The only areas time when it gets a bit muddy for FCA and PSA, more precisely for Fiat and PSA, is in commercial vehicles. But here they can take advantage of economies of scales. This may be particularly useful to Stellantis in the situation where the main rival of PSA, Renault, is toying with the idea of extending cooperation with Daimler in the area of commercial vehicles.

Overall, however, Stallantis has a great chance of avoiding the problems facing VW, where, for example, the Volkswagen Passat and Škoda Superb are fighting for de facto identical customers, while both brands are also pulling customers away from the sister Audi A4. Nevertheless, it is likely that Stellantis’ product porfolio will narrow. After all, the number of new models from Lancia, Alfa Romeo, Abarth or Fiat is not too large.

Strengthening in Americas and Europe, expansion in Asia and Africa

However, the Stellantis group does not plan to only save. On the contrary, it wants to jointly attack markets where it is not yet doing well. Namely Asia (mainly China and the Middle East) and Africa.  Already the current product portfolio has something to offer for all three of these regions. For the Middle East, for example, Ram Trucks and Jeep are not in a bad position at all. The potential multi-brand dealerships will be able to choose the brands best suited for each region.

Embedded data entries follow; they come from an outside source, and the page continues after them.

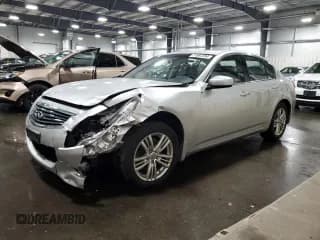 ✅ 2011 Infiniti G25 x • VIN: JN1DV6AR0BM651243 • Лот: 77587234. Опубликован ранее на Copart с пробегом 111 029 миль. Бесплатный доступ к архиву аукционных продаж из США и подробный отчёт об истории автомобиля на DreamBid. Изображение 1.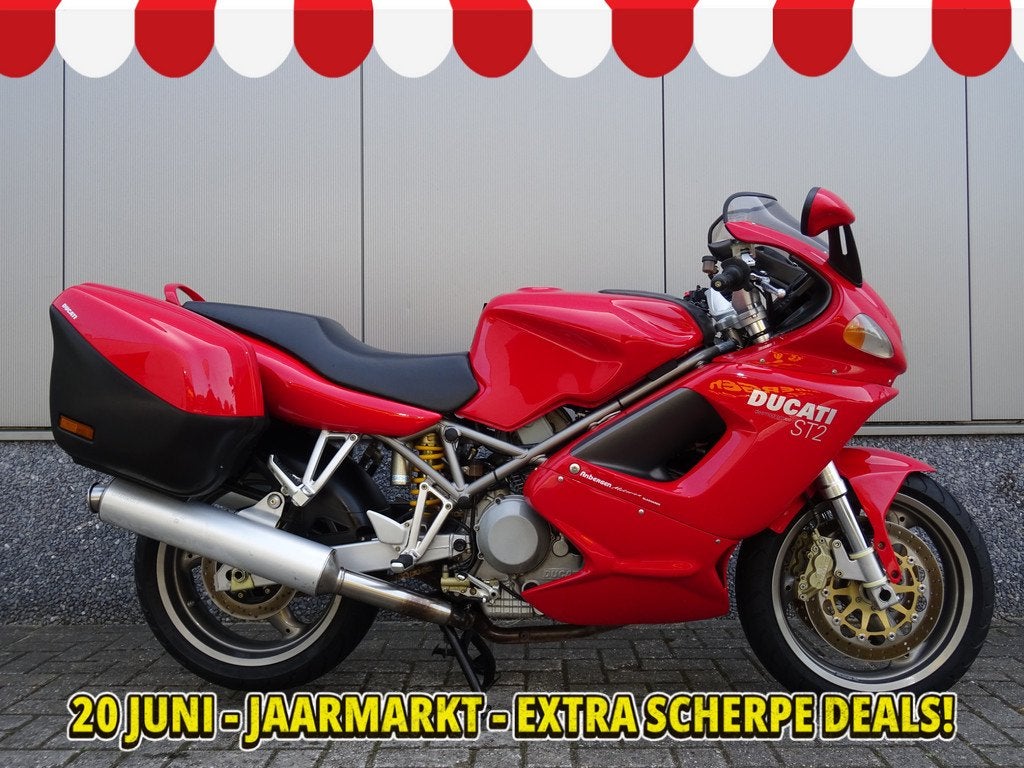 Ducati ST 2 (bj 2003), Motoren, Motoren | Ducati, 944 cc, Bedrijf, Toermotor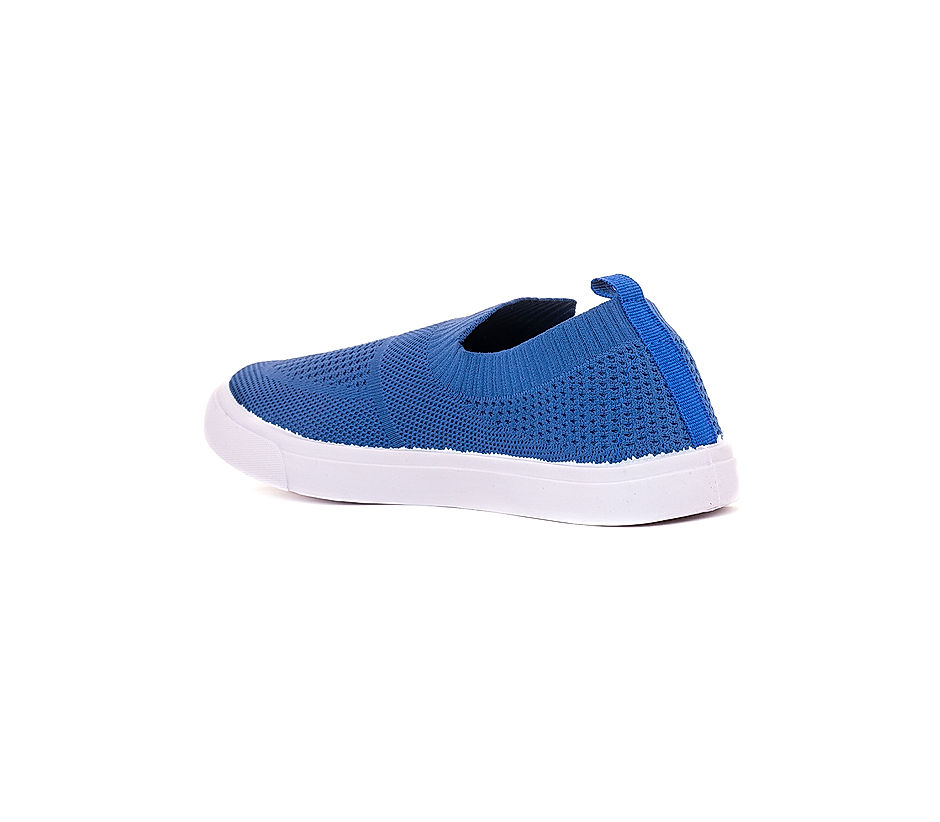 Royal blue slip on 2025 sneakers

It is thus possible that in Africa or the Middle East, we may see Stellantis dealerships exclusively for 4x4s – from the cheapest Peugeot, Citroën and Opel cars, through utility Ram Trucks, more off-road oriented Jeeps, and luxury SUVs from DS, Maserati, or Alfa Romeo. It is also worth noting that Stellantis plays a relevant role in the minivan/MPV category, which are still sought after in Asia. There, the combination of large American MPVs from Chrysler and Dodge with smaller European MPVs from Citroën, Peugeot or Opel could be a big hit. Let’s let them surprise us.